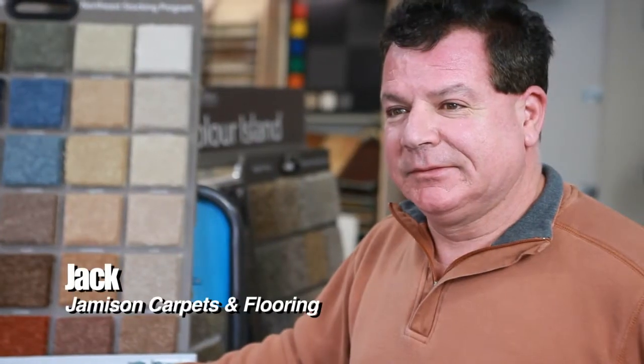Dave Porter here on location with Meet the Contractor and Point Buddy Service. I'm with Jack from Jamison Carpets and Flooring. We're here to talk to you about tile installs.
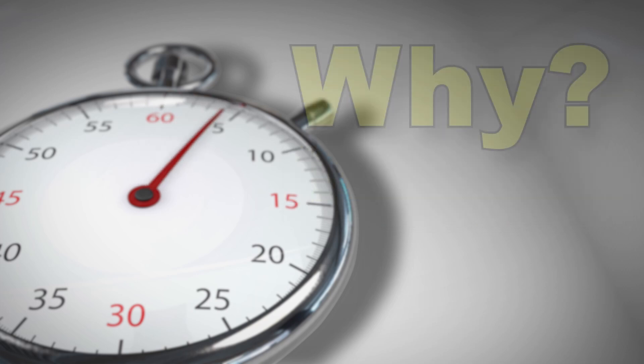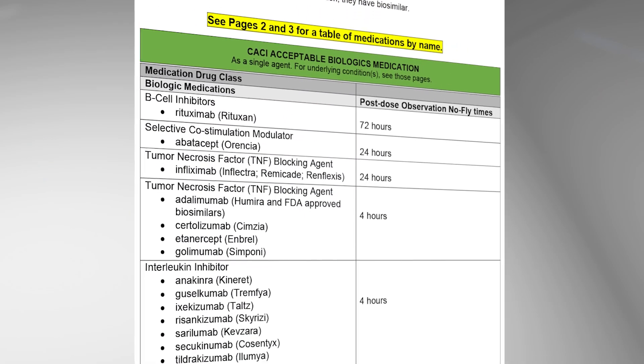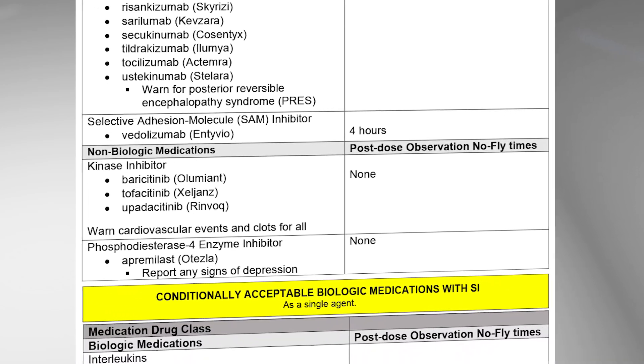AMEs might ask: why did the FAA add a biologic section to the pharmacy page in the AME guide? Medical history and pharmaceutical considerations for biologics, biosimilars, and non-biologics are outlined.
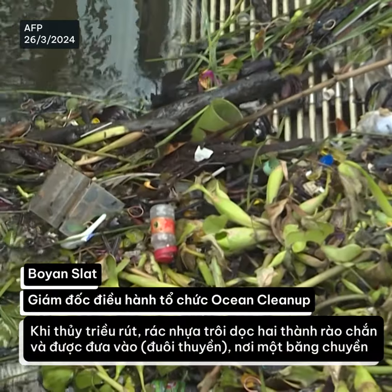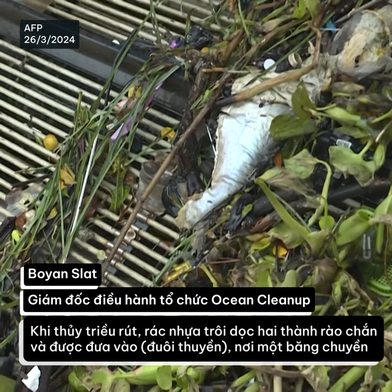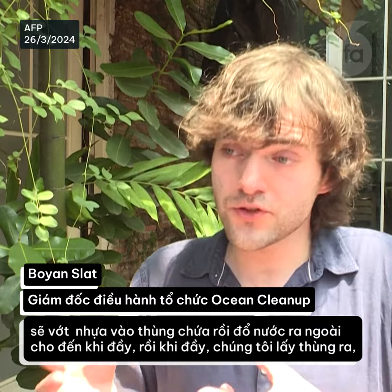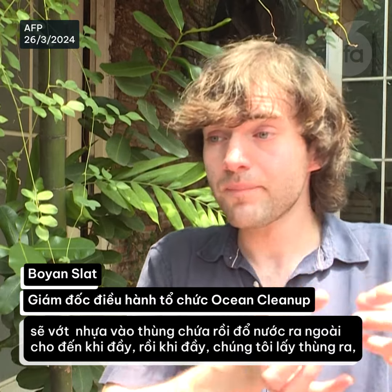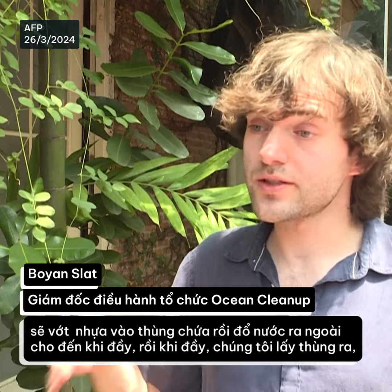What happens is that when the tide comes down, the plastic flows into its arms — its two barriers — it funnels the plastic into the mouth of the interceptor, where a conveyor belt scoops the plastic out of the water and dumps it into several dumpsters, where it's stored until it's full.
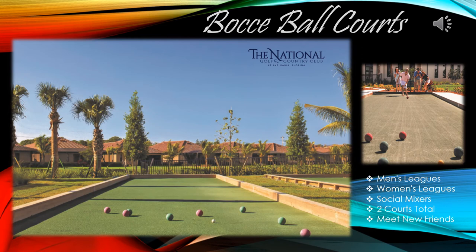The bocce ball courts offer an amazing low-impact sport that everyone can enjoy. Here you'll be able to see the men's and women's leagues battle it out and attend social mixers. There is a total of two courts. This is a great sport to make new friends and meet your neighbors.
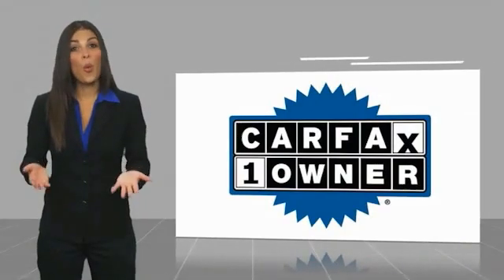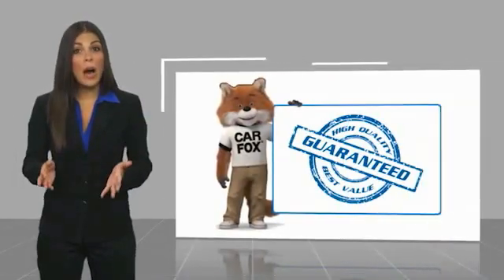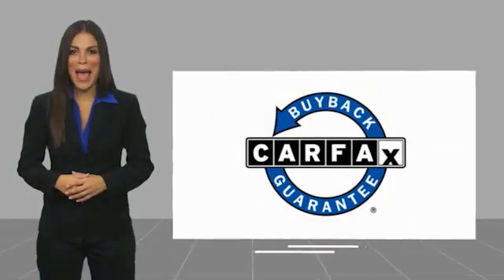This is a one-owner vehicle with a CARFAX vehicle history report. Be sure to find a complimentary copy of this report online or contact the dealership. This vehicle qualifies for the CARFAX Buyback Guarantee.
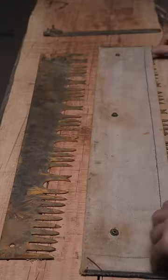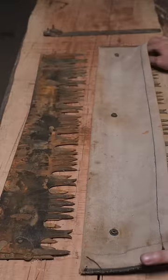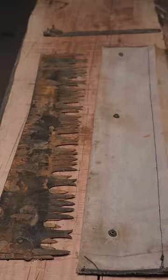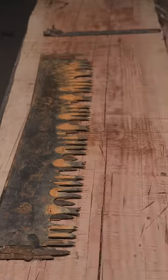Smokejumpers still use crosscut saws to fight fires in wilderness areas where power tools are not allowed. This was designed to be able to jump out of a plane in a compact form that was much easier to use than the long 8, 9, and 12 foot saws.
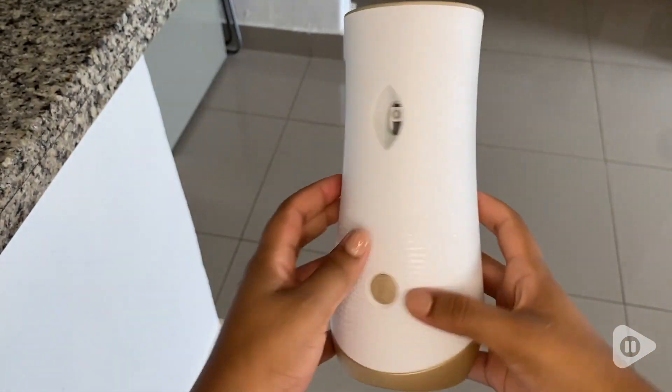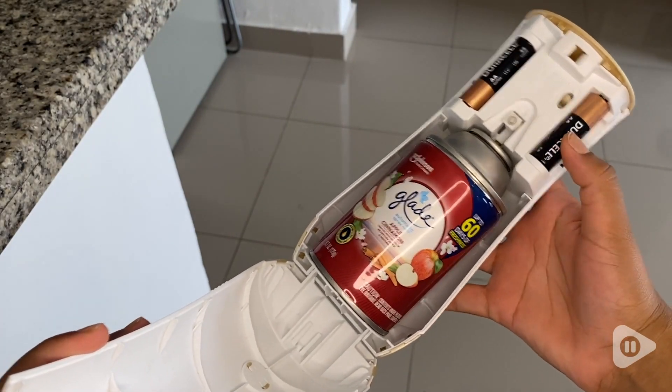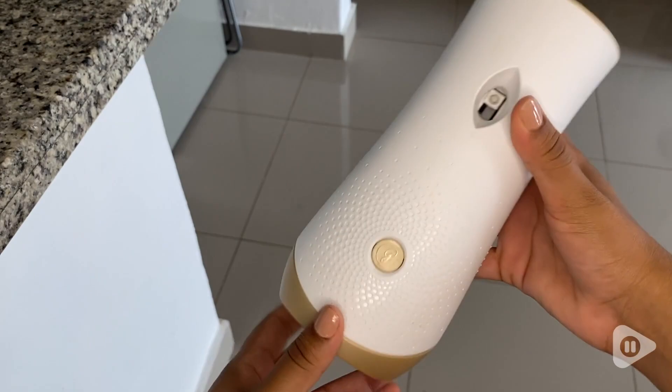It's very easy to use. It's a refill for the dispenser from the same brand. You just squeeze it open and load it with the spray and that's gonna make your home smell like heaven. Really, I love it.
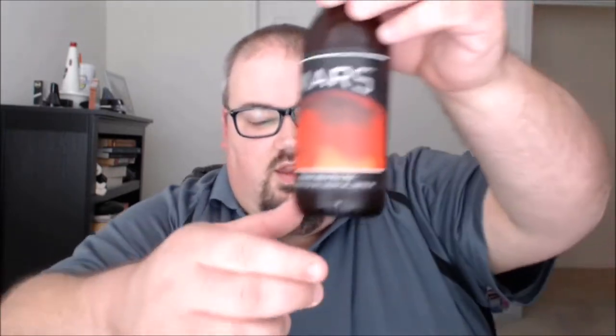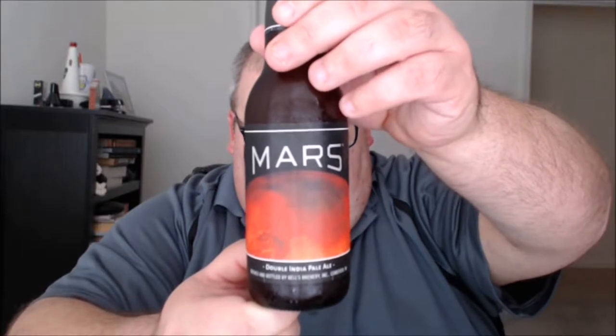What's up guys, Justin here bringing you another poorly reviewed beer from Bell's Brewery in Comstock, Michigan. This is Mars double IPA. Here are the notes from Bell's on the beer: released initially in August 2014 as the first beer in the Bell's planet series, Mars the Bringer of War is a double IPA with a complex hop character.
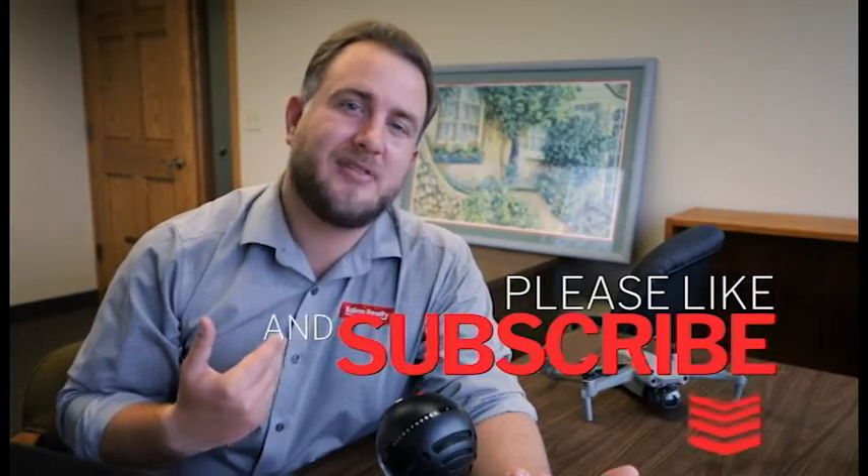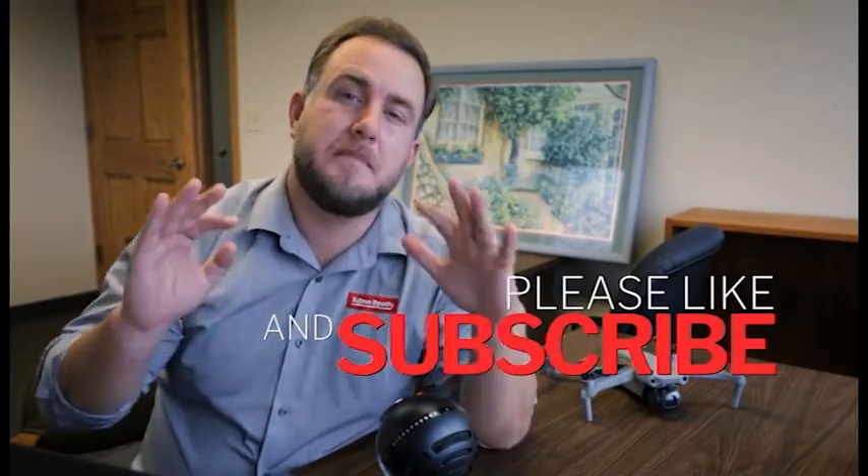Hey everybody, I'm Dave Taylor with Adana Realty and today on House Hike we're talking market analysis. A real estate market analysis, also known as a comparative market analysis, a CMA,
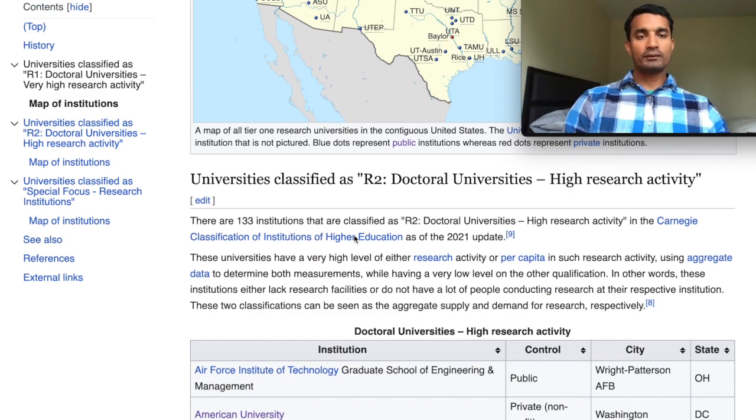After R1 universities, the next level are called R2 or doctoral universities. These universities are also very good — they have a lot of research and PhD programs. The reason they are in the R2 category is that their research and PhD program is smaller in size; that does not mean the quality of research is any lesser. They just have a smaller budget and admit and graduate a smaller number of students each year. Sometimes R2 universities have research in very focused areas and may not offer all programs — for example, they might have physics, chemistry, and mathematics but not some liberal arts programs.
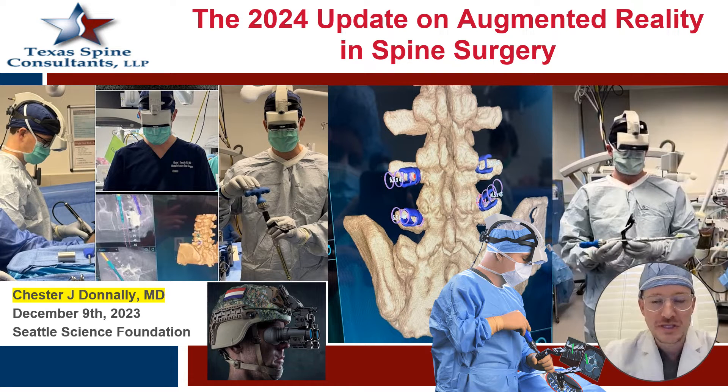Howdy everybody. My name is Chet Donnelly. I'm a spine surgeon in Dallas, Texas. Today I'm going to talk to you about augmented reality in spine surgery and kind of where we're going in 2024.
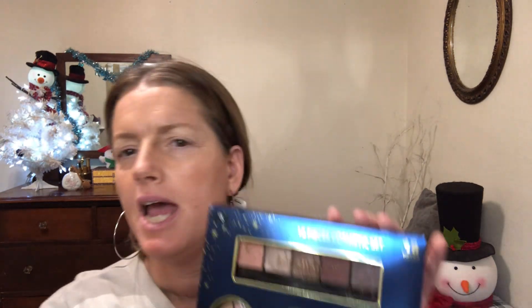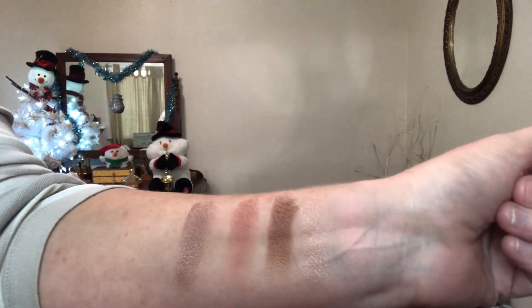Fun fact: I do not own a red lipstick — I just don't like the way red looks on me. Is this even red or is it pink? I don't know, let's open it and find out. I notice this has no name on it — it just says '18 piece cosmetic set,' made in China, and no brand name. I'm not gonna lie, that kind of concerns me.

== == ==

§ Exercise requirements
The result should be every line of the data, reproduced exactly, with the images removed.

§ Task solution
Dave Porter here on location with Meet the Contractor and Point Buddy Service. I'm with Jack from Jamison Carpets and Flooring. We're here to talk to you about tile installs.
AMEs might ask: why did the FAA add a biologic section to the pharmacy page in the AME guide? Medical history and pharmaceutical considerations for biologics, biosimilars, and non-biologics are outlined.
What happens is that when the tide comes down, the plastic flows into its arms — its two barriers — it funnels the plastic into the mouth of the interceptor, where a conveyor belt scoops the plastic out of the water and dumps it into several dumpsters, where it's stored until it's full.
The bocce ball courts offer an amazing low-impact sport that everyone can enjoy. Here you'll be able to see the men's and women's leagues battle it out and attend social mixers. There is a total of two courts. This is a great sport to make new friends and meet your neighbors.
This is a one-owner vehicle with a CARFAX vehicle history report. Be sure to find a complimentary copy of this report online or contact the dealership. This vehicle qualifies for the CARFAX Buyback Guarantee.
Smokejumpers still use crosscut saws to fight fires in wilderness areas where power tools are not allowed. This was designed to be able to jump out of a plane in a compact form that was much easier to use than the long 8, 9, and 12 foot saws.
It's very easy to use. It's a refill for the dispenser from the same brand. You just squeeze it open and load it with the spray and that's gonna make your home smell like heaven. Really, I love it.
What's up guys, Justin here bringing you another poorly reviewed beer from Bell's Brewery in Comstock, Michigan. This is Mars double IPA. Here are the notes from Bell's on the beer: released initially in August 2014 as the first beer in the Bell's planet series, Mars the Bringer of War is a double IPA with a complex hop character.
Hey everybody, I'm Dave Taylor with Adana Realty and today on House Hike we're talking market analysis. A real estate market analysis, also known as a comparative market analysis, a CMA,
After R1 universities, the next level are called R2 or doctoral universities. These universities are also very good — they have a lot of research and PhD programs. The reason they are in the R2 category is that their research and PhD program is smaller in size; that does not mean the quality of research is any lesser. They just have a smaller budget and admit and graduate a smaller number of students each year. Sometimes R2 universities have research in very focused areas and may not offer all programs — for example, they might have physics, chemistry, and mathematics but not some liberal arts programs.
Howdy everybody. My name is Chet Donnelly. I'm a spine surgeon in Dallas, Texas. Today I'm going to talk to you about augmented reality in spine surgery and kind of where we're going in 2024.
Fun fact: I do not own a red lipstick — I just don't like the way red looks on me. Is this even red or is it pink? I don't know, let's open it and find out. I notice this has no name on it — it just says '18 piece cosmetic set,' made in China, and no brand name. I'm not gonna lie, that kind of concerns me.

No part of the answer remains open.